Teknik ve taktik açıdan her iki takım da maça iyi hazırlanmıştı ancak futbolun altın bir kuralı vardır: Atan kazanır! İlk 35 dakika Fenerbahçe’nin kombine ataklarını izledik. Sonrasında hop oturduk hop kalktık. Özellikle Uğurcan’ın müthiş refleksleri ve kurtarışları aslında Fenerbahçe’nin iyi oynadığının göstergesiydi. Karşılıklı akınlar, taktik savaşları Pelkas’ın golüyle tam da yerini buldu ve lig yeniden başladı.

Trabzonspor ile Fenerbahçe arasında oynanan her maçın bir önemi vardır. İster şampiyonluk için önemli bir karşılaşma olsun ister geçmişteki tartışmalar. Biri Trabzonspor’a ‘dur’ diyecekti, onu da ‘Fenerbahçe’ dedi. Erol Bulut, maça güven bunalımı içinde çıksa da önemli bir oyuncusunu kadro dışı bıraktı, bir oyuncusunu da yedek soyundurdu. Bu aslında hem camiaya hem de takıma bir mesaj gibiydi.

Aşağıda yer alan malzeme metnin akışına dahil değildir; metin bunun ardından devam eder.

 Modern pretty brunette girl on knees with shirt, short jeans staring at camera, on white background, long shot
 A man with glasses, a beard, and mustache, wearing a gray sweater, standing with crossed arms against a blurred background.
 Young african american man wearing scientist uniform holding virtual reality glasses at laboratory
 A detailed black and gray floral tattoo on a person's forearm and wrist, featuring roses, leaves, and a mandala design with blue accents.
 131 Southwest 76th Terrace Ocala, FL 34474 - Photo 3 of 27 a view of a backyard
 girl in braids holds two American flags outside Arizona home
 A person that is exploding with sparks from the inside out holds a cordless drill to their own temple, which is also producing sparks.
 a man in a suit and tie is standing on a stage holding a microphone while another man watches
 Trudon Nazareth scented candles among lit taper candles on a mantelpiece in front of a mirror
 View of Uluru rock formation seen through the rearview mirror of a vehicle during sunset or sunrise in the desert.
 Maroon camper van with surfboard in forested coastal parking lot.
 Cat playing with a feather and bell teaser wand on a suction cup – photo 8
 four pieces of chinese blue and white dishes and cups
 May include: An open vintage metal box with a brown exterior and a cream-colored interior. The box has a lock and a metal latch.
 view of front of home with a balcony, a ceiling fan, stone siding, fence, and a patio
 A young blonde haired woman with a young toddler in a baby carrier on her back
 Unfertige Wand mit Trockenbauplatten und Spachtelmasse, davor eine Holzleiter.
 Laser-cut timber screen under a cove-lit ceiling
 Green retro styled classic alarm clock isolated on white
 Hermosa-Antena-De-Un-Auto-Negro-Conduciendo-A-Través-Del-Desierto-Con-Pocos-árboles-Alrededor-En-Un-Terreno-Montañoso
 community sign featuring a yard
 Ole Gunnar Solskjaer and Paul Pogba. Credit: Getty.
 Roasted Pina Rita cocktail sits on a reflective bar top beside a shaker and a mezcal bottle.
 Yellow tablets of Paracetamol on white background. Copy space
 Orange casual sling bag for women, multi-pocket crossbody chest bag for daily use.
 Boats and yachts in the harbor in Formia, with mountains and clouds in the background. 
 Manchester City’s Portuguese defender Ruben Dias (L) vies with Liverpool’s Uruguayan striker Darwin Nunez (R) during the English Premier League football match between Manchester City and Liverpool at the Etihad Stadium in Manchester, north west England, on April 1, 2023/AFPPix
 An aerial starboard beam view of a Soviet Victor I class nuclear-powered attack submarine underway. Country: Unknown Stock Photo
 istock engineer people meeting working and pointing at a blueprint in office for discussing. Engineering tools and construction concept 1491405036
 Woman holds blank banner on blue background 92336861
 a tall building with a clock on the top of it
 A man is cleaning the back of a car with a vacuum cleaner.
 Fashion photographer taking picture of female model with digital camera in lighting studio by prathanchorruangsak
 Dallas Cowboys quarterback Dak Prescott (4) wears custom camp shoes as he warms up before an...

Bulut, fizik kondisyonu yeterli olmayan Mesut Özil ile zaten bir kişi eksik oynadıklarını göz önüne alıp risk almıştı. Mesut’un kariyerine, futbol bilgisine, oyun okumasına kimse bir şey diyemez ama henüz hazır olmadığı ortada… Şimdi tartışılan Erol Bulut, Szalai’yi sol bek oynatarak ‘herkesin yeri dolar’ mesajı verdi, Mesut da olsan ‘seni kenara alırım’ demek istedi, Trabzon gibi bir rakibi evinde yenip ‘buranın teknik patronu benim’ dedi.

Fenerbahçe bu galibiyet ile yarışta olduğunu göstermek bir yana rakiplerine de gözdağı verdi diyebiliriz. Şampiyonluk yarışı o özlediğimiz tabloda sürecek gibi gözüküyor.